Staffing Ratios the Mantra for Newly Formed NNU
With consolidation, NNU will be better able to coordinate its organizing efforts from coast to coast, and tout its successes with recruits. "They will showcase a particular collective bargaining agreements or wage increases in the contracts they've gotten in their labor organizations," Trivisonno says. "Now that they've consolidated they can expand the number of success stories that they can point to. If they were to get wage increases in Minnesota, in the past that was a Minnesota story. Now it's part of the NNU and they can use that."
Trivisonno says unions are also parachuting "flight teams" of experienced nurses into contested organizing efforts to help sway their colleagues to vote union. "That is very powerful. They've been there," he says. "In any industry, that is the case when you have somebody who is a colleague. There is tremendous credibility when you've done the job."
The pendulum has definitely swung toward the side of organized labor these days, and nursing unions are well aware of the high demand for skilled clinicians. However, that doesn't mean that hospitals are powerless to stop union encroachment on key issues like staffing ratios, Trivisonno says.
"Every hospital has staffing ratios and they should be talking about that with their nurses," he says. "The unions have stolen the staffing ratios message from hospitals. Now they own it. And hospitals need to take it back and say 'we do have staffing ratios. Here is what they are. Here is how we determine them. Here is how we adjust them. Here is how acuity fits in.'"
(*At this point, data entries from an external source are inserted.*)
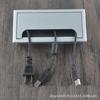 Mesa de Conferencias Aleación de Aluminio Caja de Cableado con Tapa abatible Agujero para Cables Empotrado en Escritorio Caja de Gestión de Cables de Escritorio con Cepillo Moderno Minimalista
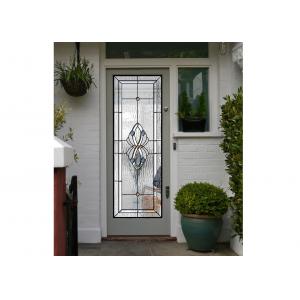Polished Wrought Iron Glass Double Entry Doors Firm Type Iron Mosaic Glass Thickness 30Mm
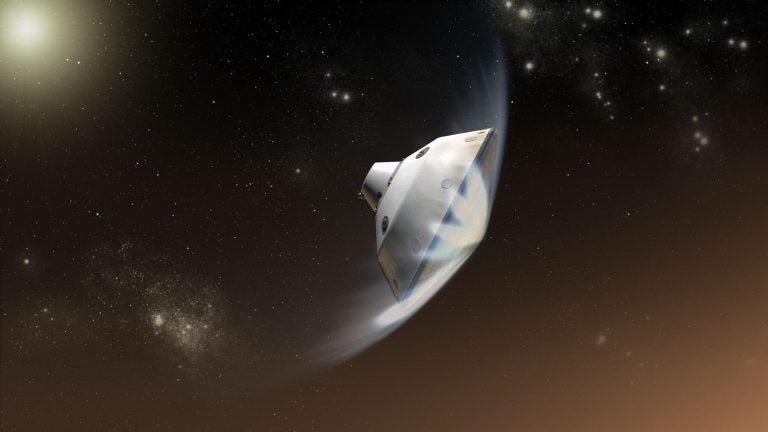 The heat shield is designed to protect the Mars 2020 mission in the initial stages of its descent and landing. (NASA/JPL-Caltech)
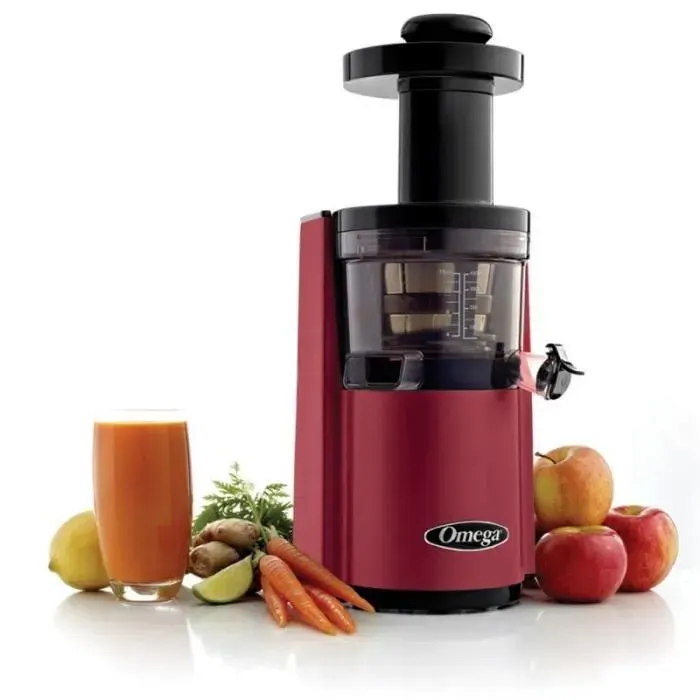Extracteur de jus vertical OMEGA VSJ843 - Rouge - 150W - Tamis fin et à gros trous - Vis unique à double hélice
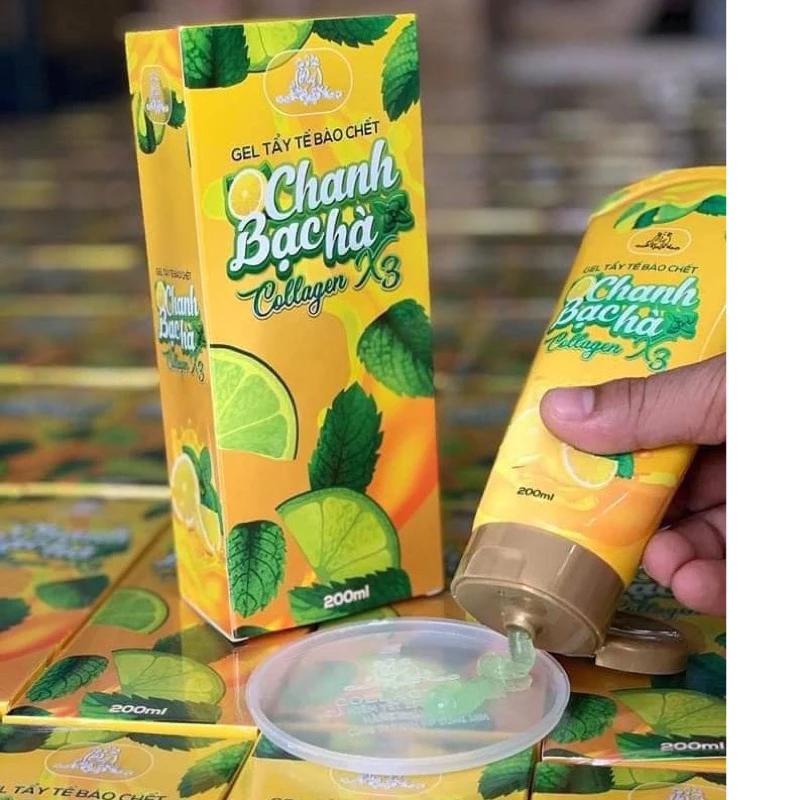 Gel Tẩy Tế Bào Chết Chanh Bạc Hà Collagen X3 200ml [Chính Hãng] Mỹ Phẩm Đông Anh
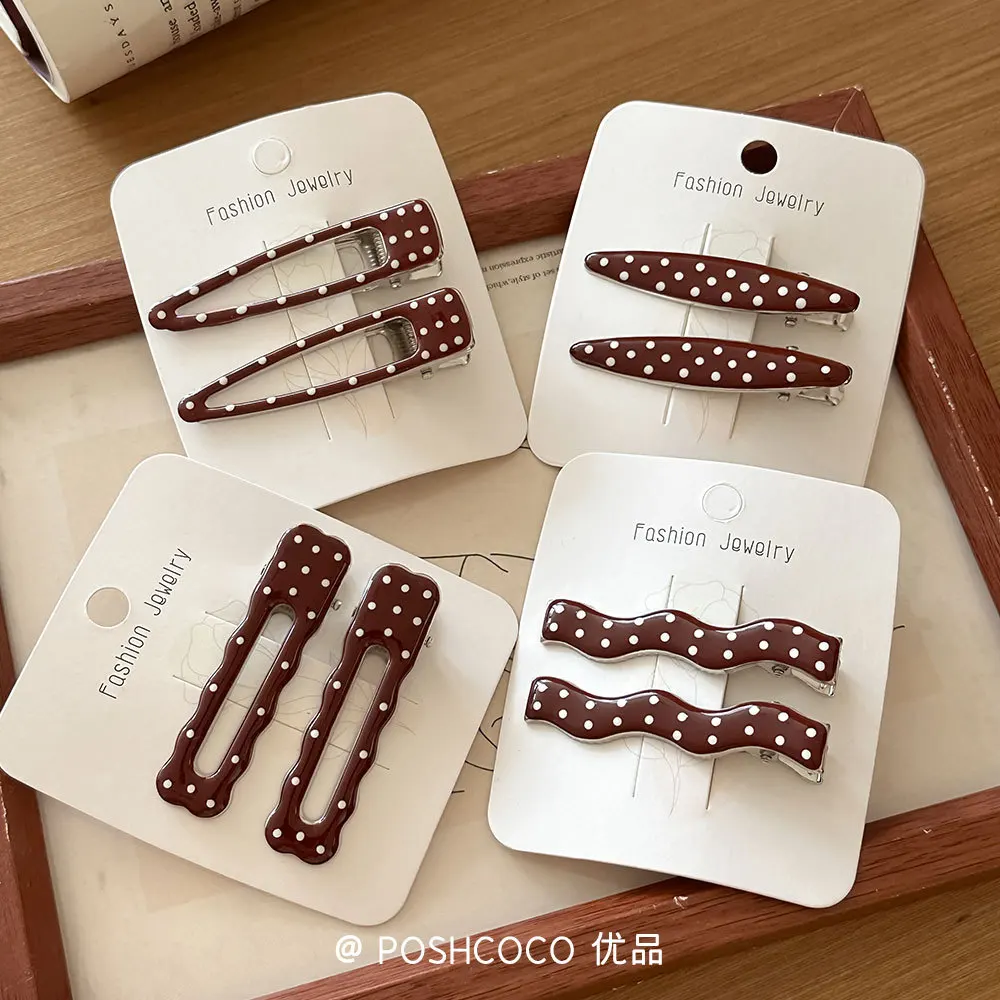 

Осенние заколки для волос, комплект из 2 предметов, красные заколки в горошек из сплава «утконос» для женщин и девочек, боковая челка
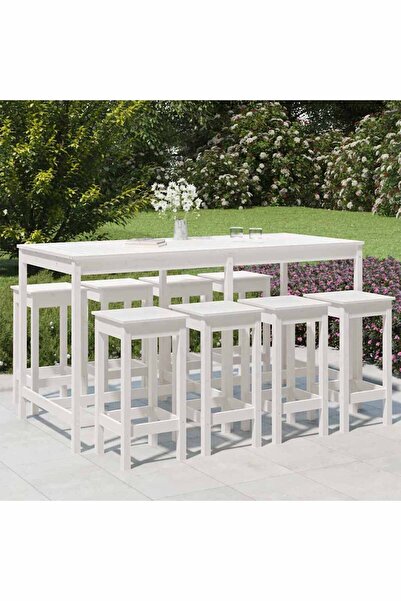 vidaxl Set bar de gradina, 9 piese, alb, lemn masiv de pin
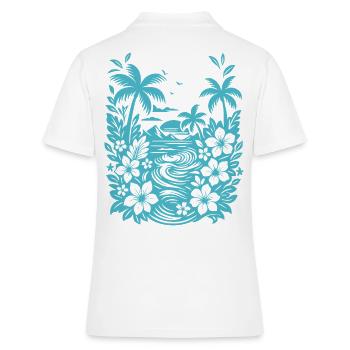 Beach Tropische Lagune Silhouette - Frauen Polo Shirt - Weiß - Hinten - Ailine (174cm)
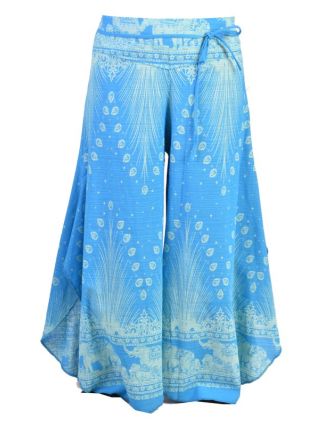 Modré thajské zvonové kalhoty, orientální potisk, elastický pas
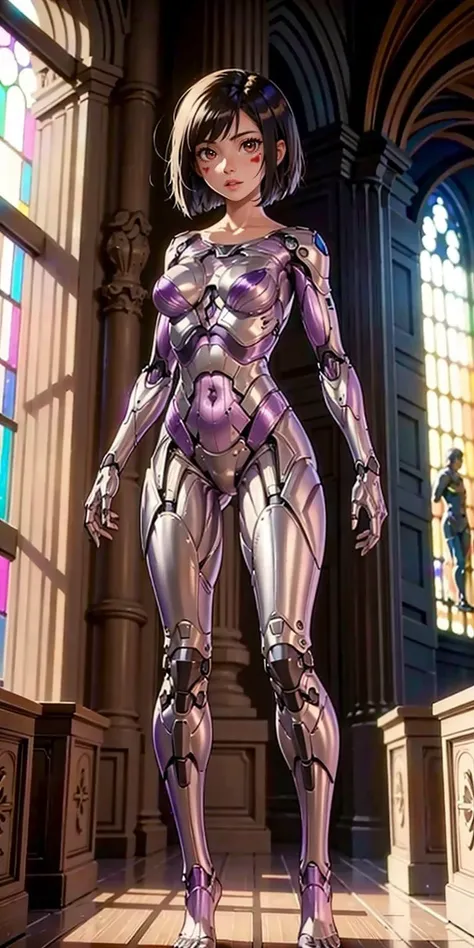 cyborg, 1girl, solo, high-heels, full body, stand, purple skin, Bob Cut, masterpiece, best quality,8k, (((Inside an old church)))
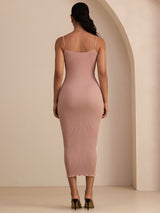 [Rose] SilkSilky-FR Spaghetti Strap Square Neck Robes 002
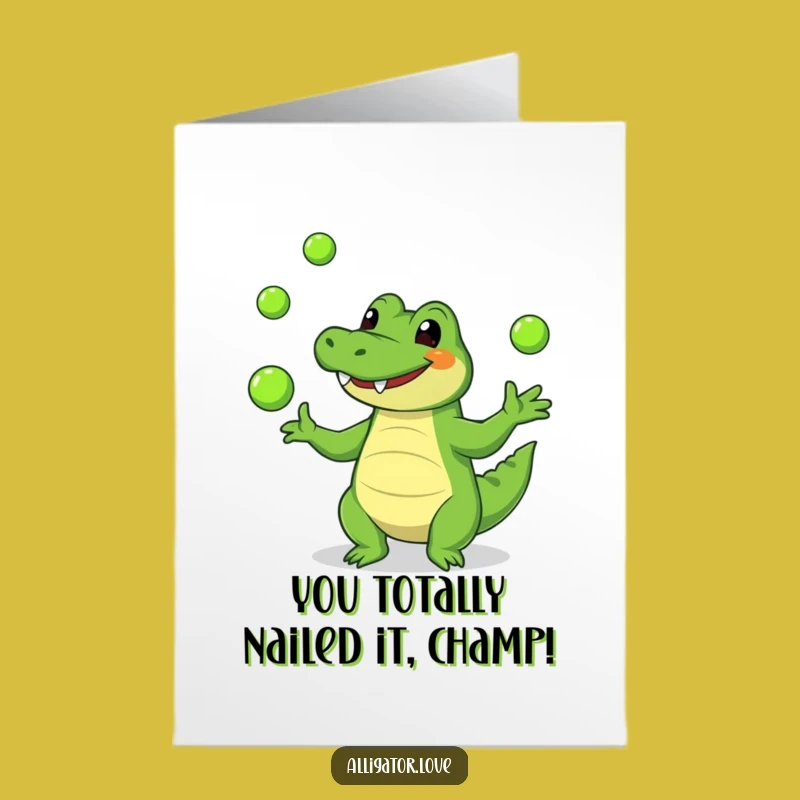 Free Printable Congratulations Card: Juggling Alligator, Hilarious DIY Downloadable Gift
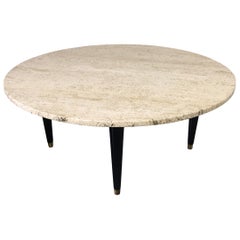 Travertine Round Midcentury Coffee Table in the Style of Ico Parisi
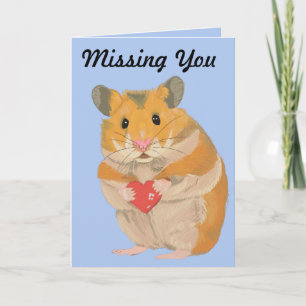 Cute Little Hamster som håller ett hjärta "Missing Kort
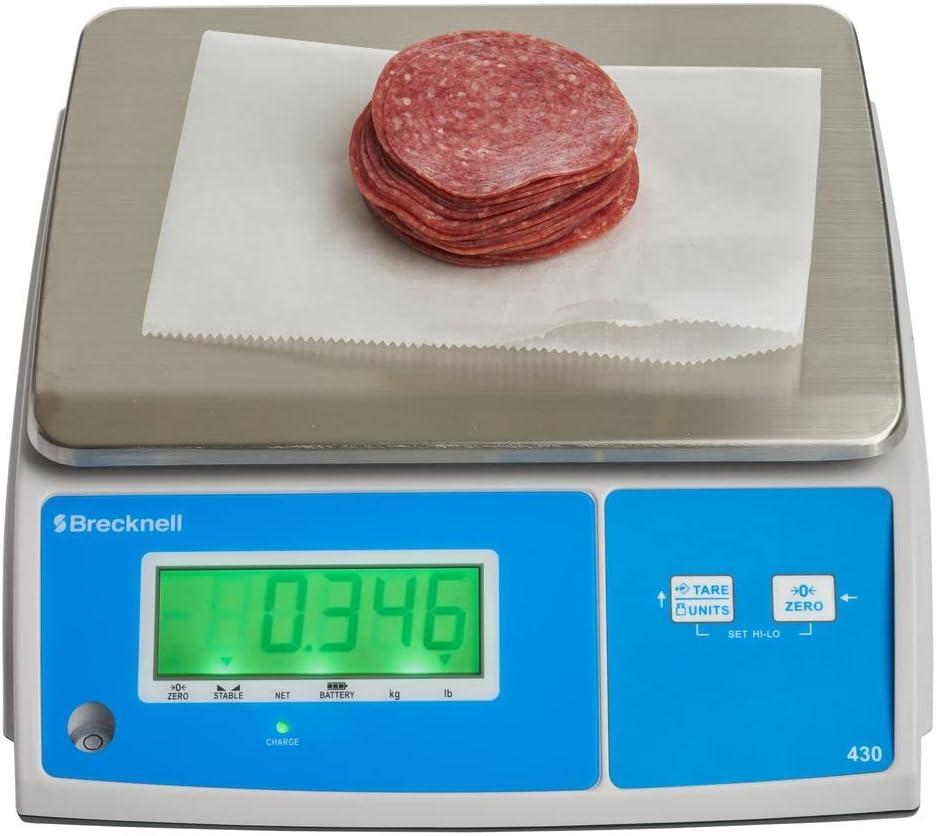 Brecknell Model 430 Digital Portion Control Scale White/Silver/Blue 30 Lbs. Capacity 430-30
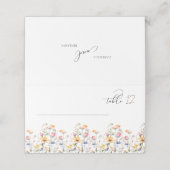 Waterverf Meadow Wildflower Trouwtafel Plaatskaartje (Buitenkant ongevouwen)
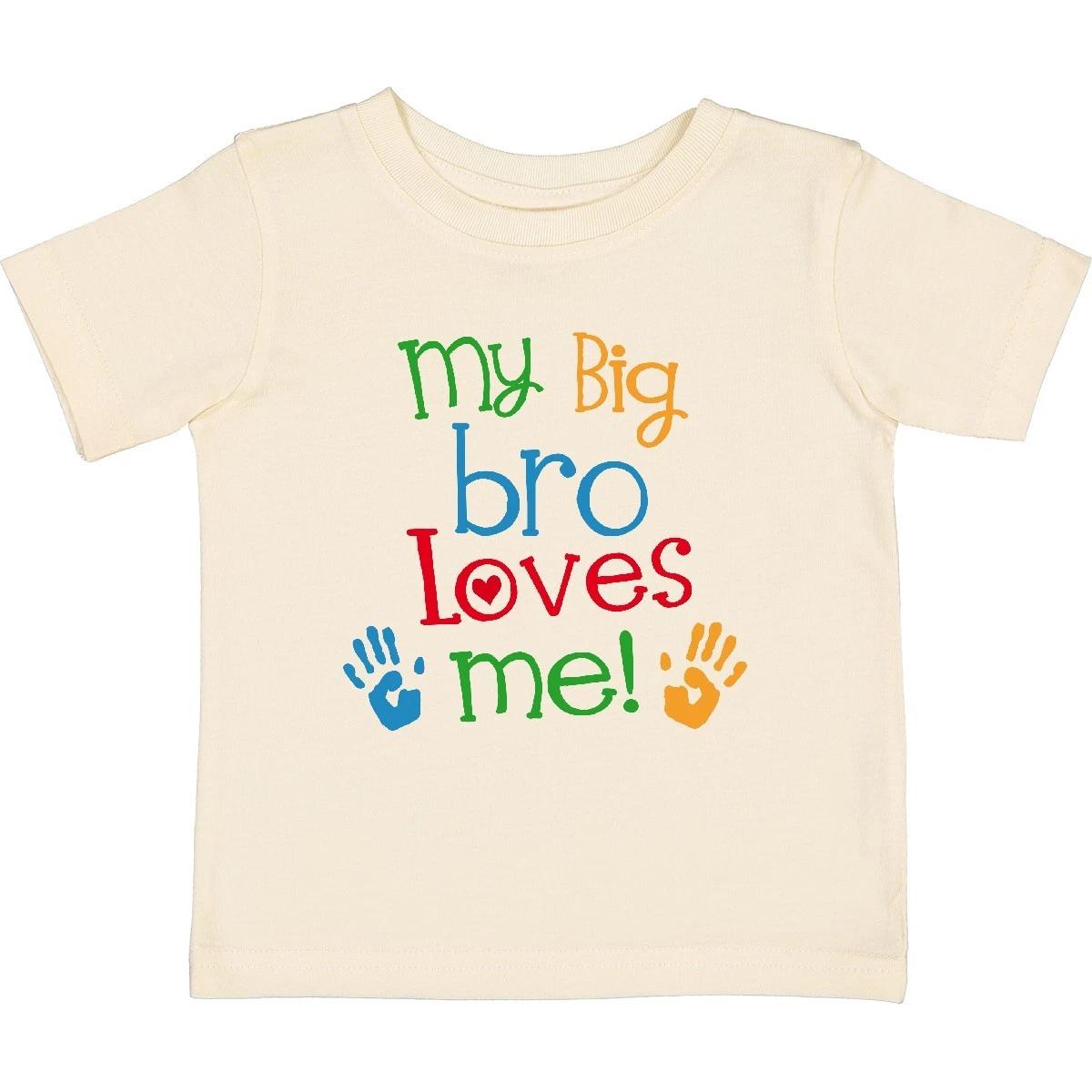 

Inktastic My Big Bro Loves Me Little Brother Sister Baby kids boys T-Shirt Kids Childs Hws 150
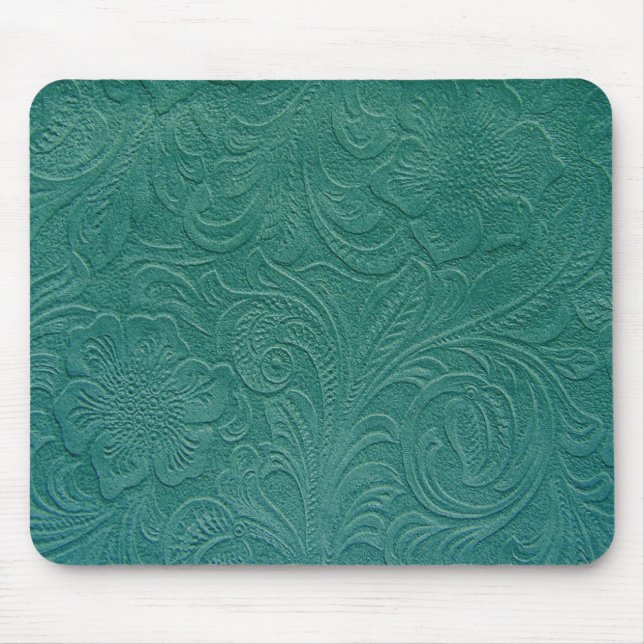 Mousepad Design Floral Emboscada De Couro Verde (Frente)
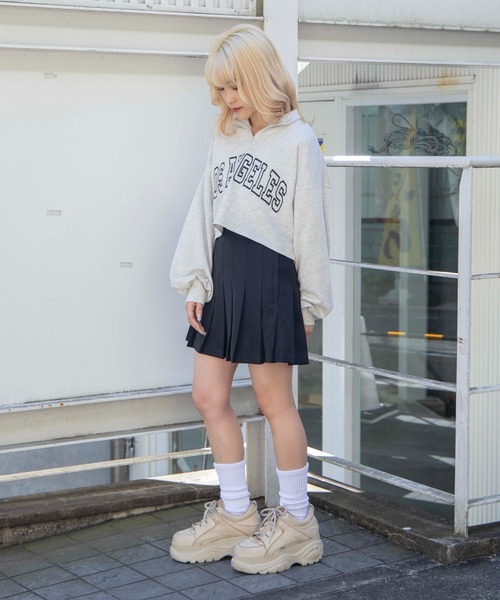 DuKKah（デュカ）の「Dukkah/【低身長向け】カレッジハーフジップショートスウェット（スウェット・レディース・杢グレー/ダークグリーン/ネイビー/ブラック/グリーン/オートミール・XS/X-SMALL）」の12枚目の写真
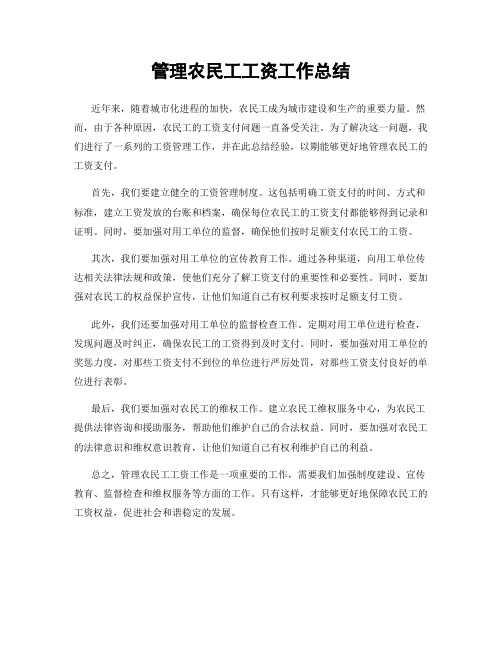 管理农民工工资工作总结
The drive to unionize the healthcare sector will get even stronger in the coming months. As the great healthcare reform debate is finalized in Congress—regardless of what comes out—unions and their close friends in the White House will relight the fire for the Employee Free Choice Act, the most sweeping pro-union legislation in decades that will greatly facilitate organization. Are you ready?
Hospitals in right-to-work states can no longer rely on that firewall, as hospital executives in Texas and Florida will tell you. The unions are coming. They're bigger and better organized than ever before, and the wind is at their back. Are you ready?